Crawled caption data:
+===+
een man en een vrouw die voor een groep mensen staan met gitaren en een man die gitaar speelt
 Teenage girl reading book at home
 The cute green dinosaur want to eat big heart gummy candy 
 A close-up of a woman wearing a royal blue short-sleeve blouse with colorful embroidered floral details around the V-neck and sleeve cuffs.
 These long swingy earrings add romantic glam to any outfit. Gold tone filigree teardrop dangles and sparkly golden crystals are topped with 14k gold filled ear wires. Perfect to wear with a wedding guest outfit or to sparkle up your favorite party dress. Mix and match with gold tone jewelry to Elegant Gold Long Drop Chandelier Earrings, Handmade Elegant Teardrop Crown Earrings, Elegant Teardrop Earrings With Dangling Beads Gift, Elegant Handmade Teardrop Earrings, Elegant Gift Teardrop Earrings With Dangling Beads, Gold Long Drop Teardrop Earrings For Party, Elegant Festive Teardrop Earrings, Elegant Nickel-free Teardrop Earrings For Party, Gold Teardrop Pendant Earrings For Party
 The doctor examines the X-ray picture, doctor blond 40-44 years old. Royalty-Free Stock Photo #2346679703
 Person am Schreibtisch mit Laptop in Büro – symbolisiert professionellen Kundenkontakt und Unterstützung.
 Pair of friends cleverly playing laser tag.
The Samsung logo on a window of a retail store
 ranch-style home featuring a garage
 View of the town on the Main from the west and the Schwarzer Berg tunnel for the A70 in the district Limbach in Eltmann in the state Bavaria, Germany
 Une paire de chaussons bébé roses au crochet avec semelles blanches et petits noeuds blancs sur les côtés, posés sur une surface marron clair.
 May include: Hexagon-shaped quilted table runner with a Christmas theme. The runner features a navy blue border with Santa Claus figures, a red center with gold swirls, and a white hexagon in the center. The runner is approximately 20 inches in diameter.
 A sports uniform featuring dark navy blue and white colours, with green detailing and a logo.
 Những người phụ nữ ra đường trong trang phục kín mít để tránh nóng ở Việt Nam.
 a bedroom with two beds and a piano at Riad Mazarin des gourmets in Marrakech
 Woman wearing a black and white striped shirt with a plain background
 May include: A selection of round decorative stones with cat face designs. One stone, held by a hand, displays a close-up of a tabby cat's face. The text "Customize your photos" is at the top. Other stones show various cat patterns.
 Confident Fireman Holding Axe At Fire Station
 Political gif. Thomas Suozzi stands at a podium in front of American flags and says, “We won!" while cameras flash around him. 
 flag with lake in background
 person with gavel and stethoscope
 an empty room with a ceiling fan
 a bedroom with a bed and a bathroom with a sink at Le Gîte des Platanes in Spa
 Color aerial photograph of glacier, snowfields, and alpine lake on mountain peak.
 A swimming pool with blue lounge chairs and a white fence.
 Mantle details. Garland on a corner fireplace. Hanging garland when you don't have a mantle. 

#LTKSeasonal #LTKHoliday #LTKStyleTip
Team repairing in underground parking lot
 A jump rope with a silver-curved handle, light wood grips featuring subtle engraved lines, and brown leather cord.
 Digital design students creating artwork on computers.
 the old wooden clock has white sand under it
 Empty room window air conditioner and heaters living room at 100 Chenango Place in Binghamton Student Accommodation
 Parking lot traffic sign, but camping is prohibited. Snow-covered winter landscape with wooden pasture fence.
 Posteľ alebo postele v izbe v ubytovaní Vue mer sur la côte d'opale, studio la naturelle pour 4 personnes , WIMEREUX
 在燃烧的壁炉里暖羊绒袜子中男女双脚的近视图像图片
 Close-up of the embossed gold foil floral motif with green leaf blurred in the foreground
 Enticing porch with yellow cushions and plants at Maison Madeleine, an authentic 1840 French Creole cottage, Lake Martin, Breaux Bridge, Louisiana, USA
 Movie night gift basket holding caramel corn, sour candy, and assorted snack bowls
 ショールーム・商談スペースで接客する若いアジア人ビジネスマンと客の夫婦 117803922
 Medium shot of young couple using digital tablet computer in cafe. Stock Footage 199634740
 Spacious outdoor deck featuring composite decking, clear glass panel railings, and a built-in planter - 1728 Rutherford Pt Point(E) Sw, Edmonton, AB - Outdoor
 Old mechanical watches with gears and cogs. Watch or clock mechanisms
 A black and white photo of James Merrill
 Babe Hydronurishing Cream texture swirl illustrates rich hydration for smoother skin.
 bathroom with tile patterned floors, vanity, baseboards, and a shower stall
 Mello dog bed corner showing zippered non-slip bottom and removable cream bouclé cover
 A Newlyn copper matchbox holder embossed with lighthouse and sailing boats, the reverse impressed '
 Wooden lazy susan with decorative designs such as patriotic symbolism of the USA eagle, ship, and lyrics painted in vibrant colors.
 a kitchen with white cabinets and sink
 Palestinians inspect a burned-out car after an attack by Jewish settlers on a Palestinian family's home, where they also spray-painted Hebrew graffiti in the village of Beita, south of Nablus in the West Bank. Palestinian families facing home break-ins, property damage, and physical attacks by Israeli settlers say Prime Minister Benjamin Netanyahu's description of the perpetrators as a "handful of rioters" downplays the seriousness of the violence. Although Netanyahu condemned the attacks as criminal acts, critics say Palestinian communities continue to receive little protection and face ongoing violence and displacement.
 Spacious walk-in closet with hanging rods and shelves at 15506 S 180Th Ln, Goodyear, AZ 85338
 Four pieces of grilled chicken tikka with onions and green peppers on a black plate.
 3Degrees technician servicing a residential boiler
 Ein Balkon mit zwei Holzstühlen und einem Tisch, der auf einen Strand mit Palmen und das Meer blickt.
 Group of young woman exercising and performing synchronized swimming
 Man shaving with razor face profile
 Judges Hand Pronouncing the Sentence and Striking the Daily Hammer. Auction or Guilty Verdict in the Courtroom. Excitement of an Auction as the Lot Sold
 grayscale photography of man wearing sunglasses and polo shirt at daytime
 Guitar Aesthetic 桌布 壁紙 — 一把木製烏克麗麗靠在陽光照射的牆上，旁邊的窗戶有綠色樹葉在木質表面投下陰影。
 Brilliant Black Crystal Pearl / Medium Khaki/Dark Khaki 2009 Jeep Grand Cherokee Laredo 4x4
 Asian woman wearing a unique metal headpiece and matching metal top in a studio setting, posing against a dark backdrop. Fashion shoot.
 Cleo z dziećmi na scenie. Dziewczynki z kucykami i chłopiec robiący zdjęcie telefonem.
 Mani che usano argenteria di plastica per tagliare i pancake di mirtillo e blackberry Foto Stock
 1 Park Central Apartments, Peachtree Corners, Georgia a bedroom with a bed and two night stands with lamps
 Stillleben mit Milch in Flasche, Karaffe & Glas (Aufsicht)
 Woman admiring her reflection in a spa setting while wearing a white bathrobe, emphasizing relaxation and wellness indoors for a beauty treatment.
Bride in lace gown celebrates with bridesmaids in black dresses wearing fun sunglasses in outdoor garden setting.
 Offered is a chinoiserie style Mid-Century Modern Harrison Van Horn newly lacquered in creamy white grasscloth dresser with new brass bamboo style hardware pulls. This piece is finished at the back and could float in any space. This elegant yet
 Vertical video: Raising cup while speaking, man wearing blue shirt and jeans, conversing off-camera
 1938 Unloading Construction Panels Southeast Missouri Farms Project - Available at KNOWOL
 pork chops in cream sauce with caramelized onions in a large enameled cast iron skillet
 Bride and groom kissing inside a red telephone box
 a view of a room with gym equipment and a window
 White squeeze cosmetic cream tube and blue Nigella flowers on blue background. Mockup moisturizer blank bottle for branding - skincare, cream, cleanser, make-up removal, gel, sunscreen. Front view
+===+
Exercise objective: Set down each entry exactly, leaving none out.

Output of the exercise:
een man en een vrouw die voor een groep mensen staan met gitaren en een man die gitaar speelt
 Teenage girl reading book at home
 The cute green dinosaur want to eat big heart gummy candy 
 A close-up of a woman wearing a royal blue short-sleeve blouse with colorful embroidered floral details around the V-neck and sleeve cuffs.
 These long swingy earrings add romantic glam to any outfit. Gold tone filigree teardrop dangles and sparkly golden crystals are topped with 14k gold filled ear wires. Perfect to wear with a wedding guest outfit or to sparkle up your favorite party dress. Mix and match with gold tone jewelry to Elegant Gold Long Drop Chandelier Earrings, Handmade Elegant Teardrop Crown Earrings, Elegant Teardrop Earrings With Dangling Beads Gift, Elegant Handmade Teardrop Earrings, Elegant Gift Teardrop Earrings With Dangling Beads, Gold Long Drop Teardrop Earrings For Party, Elegant Festive Teardrop Earrings, Elegant Nickel-free Teardrop Earrings For Party, Gold Teardrop Pendant Earrings For Party
 The doctor examines the X-ray picture, doctor blond 40-44 years old. Royalty-Free Stock Photo #2346679703
 Person am Schreibtisch mit Laptop in Büro – symbolisiert professionellen Kundenkontakt und Unterstützung.
 Pair of friends cleverly playing laser tag.
The Samsung logo on a window of a retail store
 ranch-style home featuring a garage
 View of the town on the Main from the west and the Schwarzer Berg tunnel for the A70 in the district Limbach in Eltmann in the state Bavaria, Germany
 Une paire de chaussons bébé roses au crochet avec semelles blanches et petits noeuds blancs sur les côtés, posés sur une surface marron clair.
 May include: Hexagon-shaped quilted table runner with a Christmas theme. The runner features a navy blue border with Santa Claus figures, a red center with gold swirls, and a white hexagon in the center. The runner is approximately 20 inches in diameter.
 A sports uniform featuring dark navy blue and white colours, with green detailing and a logo.
 Những người phụ nữ ra đường trong trang phục kín mít để tránh nóng ở Việt Nam.
 a bedroom with two beds and a piano at Riad Mazarin des gourmets in Marrakech
 Woman wearing a black and white striped shirt with a plain background
 May include: A selection of round decorative stones with cat face designs. One stone, held by a hand, displays a close-up of a tabby cat's face. The text "Customize your photos" is at the top. Other stones show various cat patterns.
 Confident Fireman Holding Axe At Fire Station
 Political gif. Thomas Suozzi stands at a podium in front of American flags and says, “We won!" while cameras flash around him. 
 flag with lake in background
 person with gavel and stethoscope
 an empty room with a ceiling fan
 a bedroom with a bed and a bathroom with a sink at Le Gîte des Platanes in Spa
 Color aerial photograph of glacier, snowfields, and alpine lake on mountain peak.
 A swimming pool with blue lounge chairs and a white fence.
 Mantle details. Garland on a corner fireplace. Hanging garland when you don't have a mantle. 

#LTKSeasonal #LTKHoliday #LTKStyleTip
Team repairing in underground parking lot
 A jump rope with a silver-curved handle, light wood grips featuring subtle engraved lines, and brown leather cord.
 Digital design students creating artwork on computers.
 the old wooden clock has white sand under it
 Empty room window air conditioner and heaters living room at 100 Chenango Place in Binghamton Student Accommodation
 Parking lot traffic sign, but camping is prohibited. Snow-covered winter landscape with wooden pasture fence.
 Posteľ alebo postele v izbe v ubytovaní Vue mer sur la côte d'opale, studio la naturelle pour 4 personnes , WIMEREUX
 在燃烧的壁炉里暖羊绒袜子中男女双脚的近视图像图片
 Close-up of the embossed gold foil floral motif with green leaf blurred in the foreground
 Enticing porch with yellow cushions and plants at Maison Madeleine, an authentic 1840 French Creole cottage, Lake Martin, Breaux Bridge, Louisiana, USA
 Movie night gift basket holding caramel corn, sour candy, and assorted snack bowls
 ショールーム・商談スペースで接客する若いアジア人ビジネスマンと客の夫婦 117803922
 Medium shot of young couple using digital tablet computer in cafe. Stock Footage 199634740
 Spacious outdoor deck featuring composite decking, clear glass panel railings, and a built-in planter - 1728 Rutherford Pt Point(E) Sw, Edmonton, AB - Outdoor
 Old mechanical watches with gears and cogs. Watch or clock mechanisms
 A black and white photo of James Merrill
 Babe Hydronurishing Cream texture swirl illustrates rich hydration for smoother skin.
 bathroom with tile patterned floors, vanity, baseboards, and a shower stall
 Mello dog bed corner showing zippered non-slip bottom and removable cream bouclé cover
 A Newlyn copper matchbox holder embossed with lighthouse and sailing boats, the reverse impressed '
 Wooden lazy susan with decorative designs such as patriotic symbolism of the USA eagle, ship, and lyrics painted in vibrant colors.
 a kitchen with white cabinets and sink
 Palestinians inspect a burned-out car after an attack by Jewish settlers on a Palestinian family's home, where they also spray-painted Hebrew graffiti in the village of Beita, south of Nablus in the West Bank. Palestinian families facing home break-ins, property damage, and physical attacks by Israeli settlers say Prime Minister Benjamin Netanyahu's description of the perpetrators as a "handful of rioters" downplays the seriousness of the violence. Although Netanyahu condemned the attacks as criminal acts, critics say Palestinian communities continue to receive little protection and face ongoing violence and displacement.
 Spacious walk-in closet with hanging rods and shelves at 15506 S 180Th Ln, Goodyear, AZ 85338
 Four pieces of grilled chicken tikka with onions and green peppers on a black plate.
 3Degrees technician servicing a residential boiler
 Ein Balkon mit zwei Holzstühlen und einem Tisch, der auf einen Strand mit Palmen und das Meer blickt.
 Group of young woman exercising and performing synchronized swimming
 Man shaving with razor face profile
 Judges Hand Pronouncing the Sentence and Striking the Daily Hammer. Auction or Guilty Verdict in the Courtroom. Excitement of an Auction as the Lot Sold
 grayscale photography of man wearing sunglasses and polo shirt at daytime
 Guitar Aesthetic 桌布 壁紙 — 一把木製烏克麗麗靠在陽光照射的牆上，旁邊的窗戶有綠色樹葉在木質表面投下陰影。
 Brilliant Black Crystal Pearl / Medium Khaki/Dark Khaki 2009 Jeep Grand Cherokee Laredo 4x4
 Asian woman wearing a unique metal headpiece and matching metal top in a studio setting, posing against a dark backdrop. Fashion shoot.
 Cleo z dziećmi na scenie. Dziewczynki z kucykami i chłopiec robiący zdjęcie telefonem.
 Mani che usano argenteria di plastica per tagliare i pancake di mirtillo e blackberry Foto Stock
 1 Park Central Apartments, Peachtree Corners, Georgia a bedroom with a bed and two night stands with lamps
 Stillleben mit Milch in Flasche, Karaffe & Glas (Aufsicht)
 Woman admiring her reflection in a spa setting while wearing a white bathrobe, emphasizing relaxation and wellness indoors for a beauty treatment.
Bride in lace gown celebrates with bridesmaids in black dresses wearing fun sunglasses in outdoor garden setting.
 Offered is a chinoiserie style Mid-Century Modern Harrison Van Horn newly lacquered in creamy white grasscloth dresser with new brass bamboo style hardware pulls. This piece is finished at the back and could float in any space. This elegant yet
 Vertical video: Raising cup while speaking, man wearing blue shirt and jeans, conversing off-camera
 1938 Unloading Construction Panels Southeast Missouri Farms Project - Available at KNOWOL
 pork chops in cream sauce with caramelized onions in a large enameled cast iron skillet
 Bride and groom kissing inside a red telephone box
 a view of a room with gym equipment and a window
 White squeeze cosmetic cream tube and blue Nigella flowers on blue background. Mockup moisturizer blank bottle for branding - skincare, cream, cleanser, make-up removal, gel, sunscreen. Front view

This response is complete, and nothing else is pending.